§ **Available data**
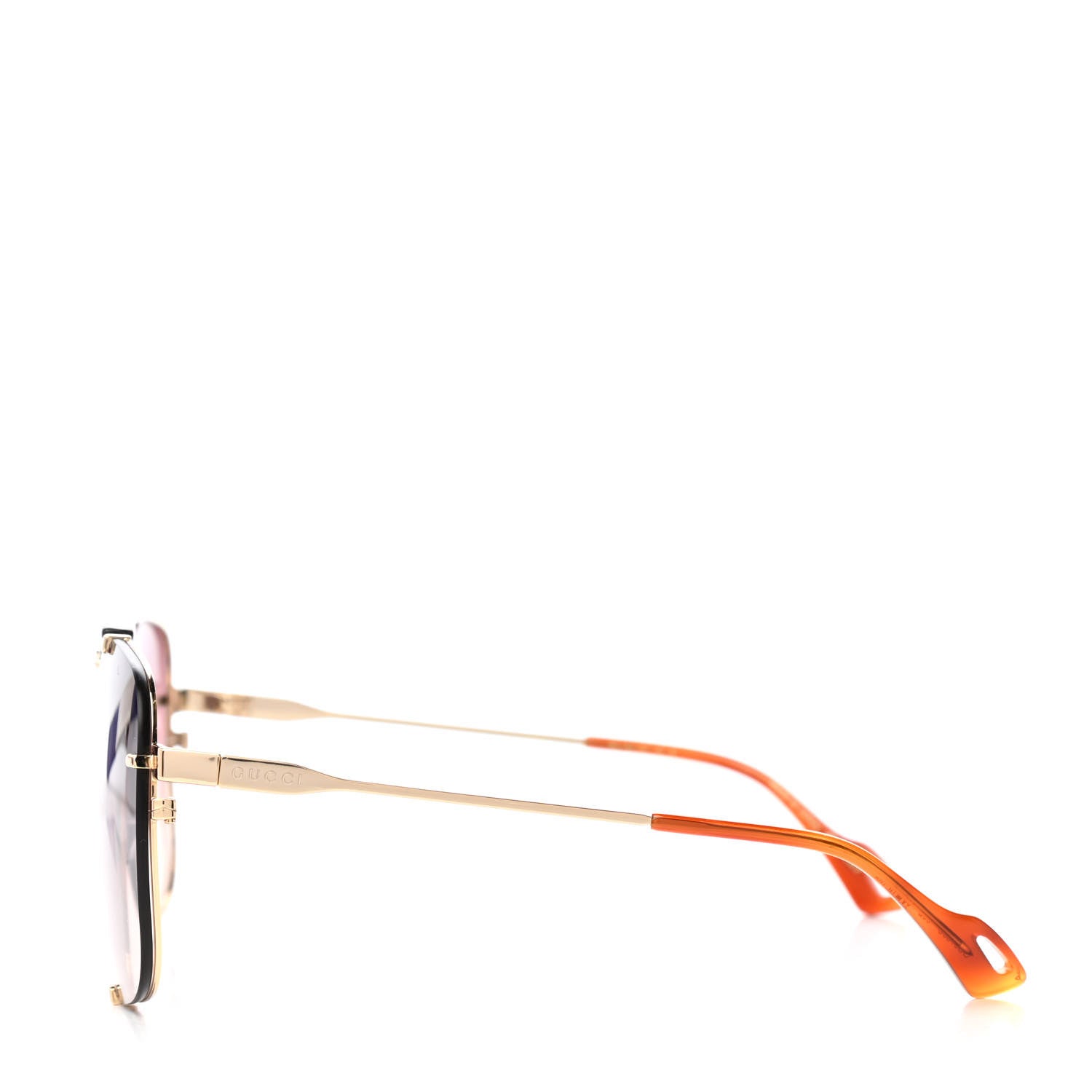 Gucci Metal Square Frame Sunglasses GG0739S Brown 3 of 8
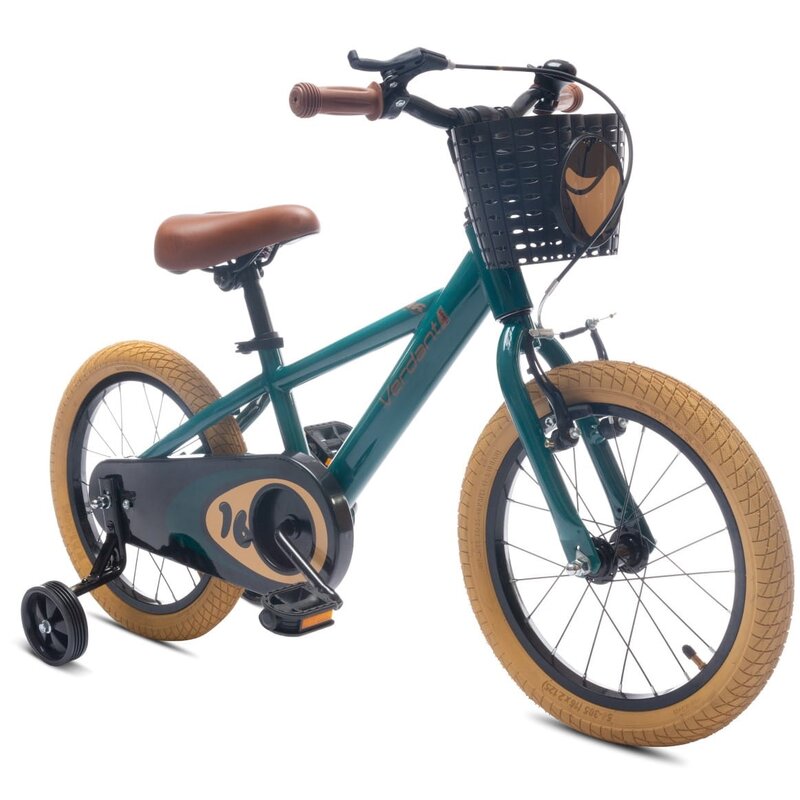 Rower dziecięcy SUN BABY Verdant Rowan 16 cali Zielony Wzrost: 100-120 cm Wiek: 4-6 lat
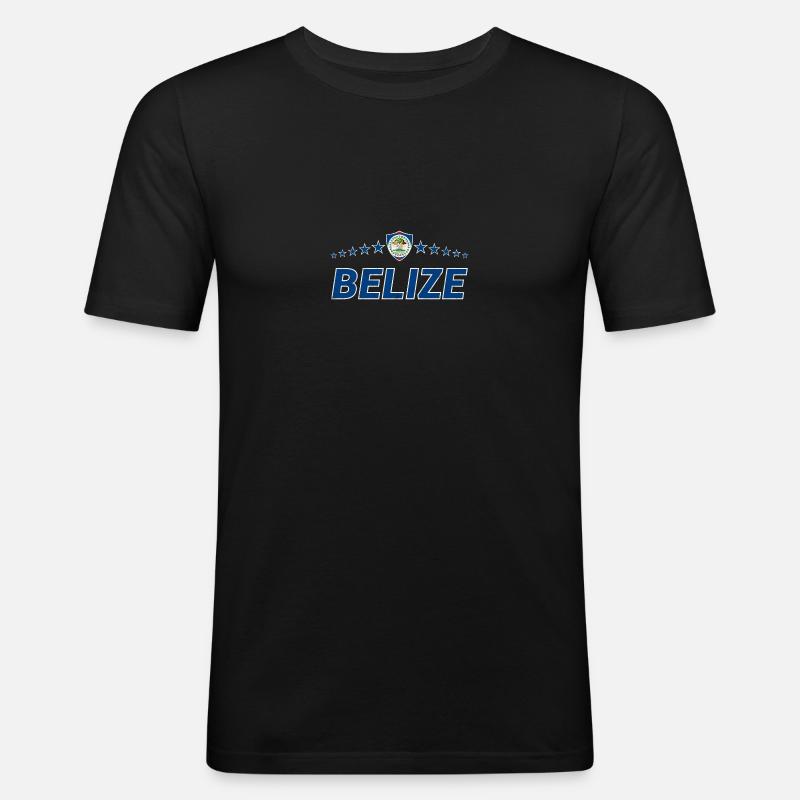 Belize - Männer Slim Fit T-Shirt - Schwarz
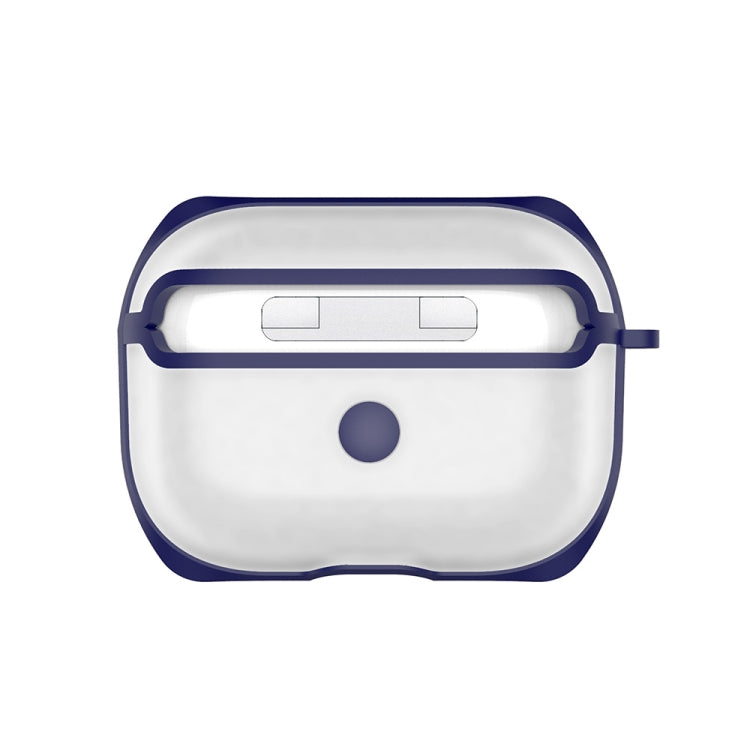 APC001 Per AirPods Pro PC + custodia protettiva trasparente per auricolari in TPU con gancio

§ **What to work on**
Excluding the pictures, retype the line containing "Rower dziecięcy SUN" and all lines after it down to the end of the data above.

§ **Solution**
 Rower dziecięcy SUN BABY Verdant Rowan 16 cali Zielony Wzrost: 100-120 cm Wiek: 4-6 lat
 Belize - Männer Slim Fit T-Shirt - Schwarz
 APC001 Per AirPods Pro PC + custodia protettiva trasparente per auricolari in TPU con gancio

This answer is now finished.